How about that as a deterrent to your fortune? You future earnings and your past earnings are in jeopardy.  Hit ‘em where it hurts the most, their wallet.  You think any player making $15 million a year in the final year of a four-year contract wants to take a chance that he has to give all that back?

And why not require the player’s agent to return their percentage of the contract to the team also?  Maybe then the agents would be a little more involved in what the players they are representing are doing with their careers.

#3 – Any statistics accumulated during his career to date are expunged from the record books – no asterisk, expunged.
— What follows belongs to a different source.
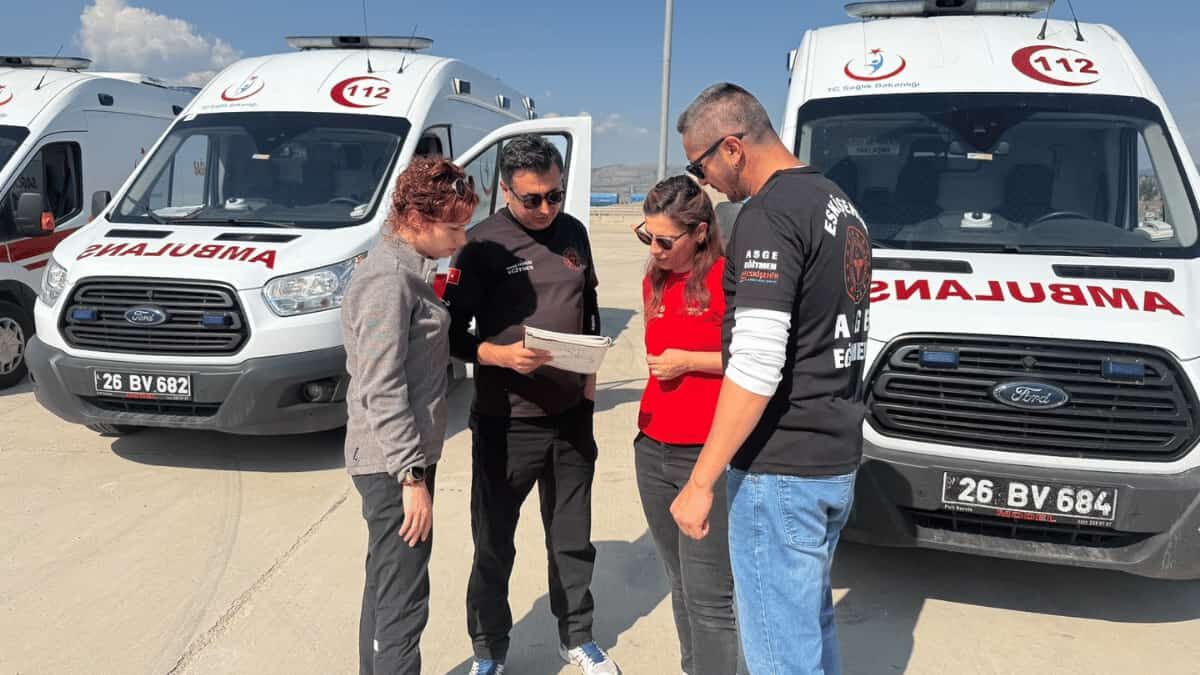 Eskişehir’de Ambulans Sürücülerine Güvenli Ve Kontrollü Sürüş Eğitimi Verildi2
And now their fame is in jeopardy. We go all George Bailey on them.  They never existed.  A player that tests positive for steroids brings all of his personal statistics into question because no one knows when in his career he started using, only when he got caught.  Because of that, everything he did in his career up to that point is in question.  Therefore, the clock is reset to zero.  That just about eliminates them from ever making it into the Hall of Fame.

#4 – Any service time accumulated as a major league player is voided and they have to start from scratch to achieve Free Agent status and their pension level.

How often have you heard a player talk about putting up with the early years of their career until they are eligible for that big-ticket contract as a free agent? Now they have to go back and start all over again.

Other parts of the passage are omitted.